Di dalam Sema Nomor 4 Tahun 2014 pada angka 5 rumusan hukum kamar agama ditegaskan
bahwa Pengadilan Agama secara ex officio dapat menetapkan nafkah anak kepada ayahnya apabila
secara nyata anak tersebut berada dalam asuhan ibunya, sebagaimana hal tersebut diatur dalam pasal
156 huruf (f) Kompilasi Hukum Islam.7 Dengan dasar aturan ini hakim pengadilan agama bisa
menyimpangi asas hukum perdata mengenai Ultra Petitum Partium (hakim tidak boleh mengabulkan
sesuatu yang tidak diminta) untuk menghukum ayah dari anak tersebut untuk memberikan nafkah
terhadap anaknya meski tidak diminta oleh ibunya, apabila nyata anak tersebut berada dalam
pemeliharaan ibunya. Oleh karena itu hakim pada saat memeriksa perkara perceraian, jika ada anak
yang rentan akan jadi korban perceraian orang tuanya, dipersoalkan ataupun tidak dipersoalkan
mengenai nafkah anak, sudah seharusnya hakim mendalami tentang hal itu. Hakim harus mencari data
tentang berapa kemampuan seorang ayah jika akan dibebani untuk membayar nafkah untuk anaknya.

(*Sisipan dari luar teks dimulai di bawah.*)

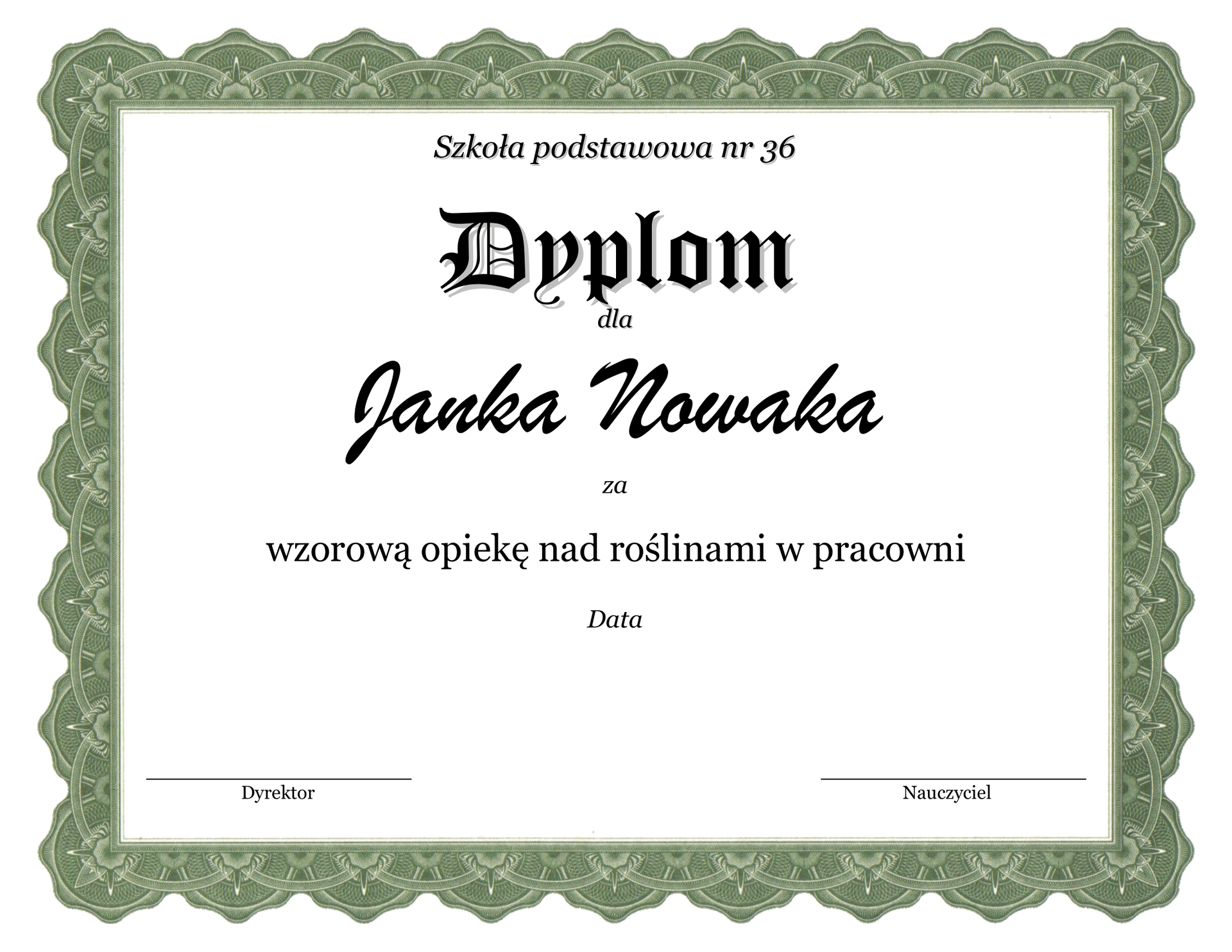 Zrzut przykładowego dyplomu utworzonego na podstawie szablonu. Dyplom posiada elegancką ramkę i uzupełniony tekst: "Szkoła podstawowa nr 3. Dyplom dla Marii Opoka za wzorową opiekę nad roślinami w pracowni." oraz miejsce na datę, podpis dyrektora i nauczyciela. 
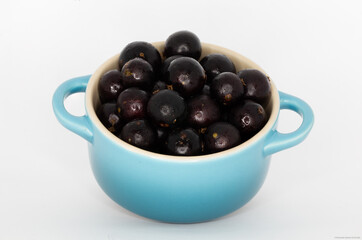 A pot of fresh jaboticabas. Jabuticaba is the native Brazilian grape tree. Species Plinia cauliflora. Fruit. Exotic.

Dan semua itu harus dimuat dalam pertimbangan hukum secara jelas.
5. Perlindungan Anak Berdasarkan The Best Interest Of The Child
Di dalam memeriksa perkara sengketa hak asuh dan nafkah anak, pengadilan agama sejatinya
hakim yang memeriksa perkara tersebut selalu berorientasi kepada kepentingan yang terbaik untuk
anak. Di dalam memutus perkara tersebut hakim sejatinya memberi pertimbangan yang cukup di dalam
putusannya dengan pertimbangan yang berorientasi bukan kepada kepentingan ibu anak tersebut,
bukan juga kepada kepentingan ayah anak tersebut melainkan yang lebih utama adalah demi
kepentingan yang terbaik untuk anak (the best interest of the child). Seperti perkara sengketa hak asuh
anak yang diajukan oleh ibu dari anak perempuan yang baru berumur 7 tahun di Pengadilan Agama
Jakarta Timur pada tahun 20158. Hakim yang memeriksa perkara tersebut memutus hak asuh anak
tersebut kepada ayahnya dengan alasan, anak tersebut sudah nyaman tinggal bersama dengan ayahnya
dan dirawat sejak umur 3 tahun bersama dengan isterinya yang baru. Bahkan sikap anak yang baru
berumur 7 tahun tersebut, nampak asing dengan ibu kandungnya sendir karena sejak umur 3 tahun telah
ditinggal pergi oleh ibunya yang bekerja sampai saat gugatan diajukan masih sebagai pramugari yang
baru bisa pulang hanya 1 bulan sekali. Jika hanya berpedoman kepada Pasal 105 dan 156 Kompilasi Hukum Islam,9 anak yang baru berumur 7 tahun tersebut atau belum mumayyiz seharusnya dikabulkan
gugatan penggugat yaitu anak dipelihara oleh ibunya, namun hal itu bukan yang terbaik untuk anak
tersebut.
Tulisan ini bertujuan untuk memberi isyarat kepada para pimpinan pengadilan agama agar
memberi perhatian yang selama ini terabaikan khusus kepada para hakim, para mediator, petugas pos
bantuan hukum, kepada para pengacara / advokat dan pelaku hukum keluarga lainnya agar penerapan
terhadap undang-undang perlindungan anak dalam kasus sengketa perceraian yang ada anak di
dalamnya maupun terhadap sengketa hak asuh dan nafkah anak serta perkara tentang anak berhadapan
dengan hukum lainnya, agar lebih ditingkatkan dengan berorientasi kepada kepentingan yang terbaik
untuk anak (the best interest of the child) supaya tidak terjadi dampak negatif terhadap anak yang orang
tuanya bercerai di pengadilan agama. Dengan adanya perhatian yang lebih progressif oleh pengadilan
agama maka tidak akan muncul anak-anak terlantar, anak putus sekolah, anak jalanan, anak yang nakal
dan lain sebagainya, karena menjadi korban perceraian orang tuanya.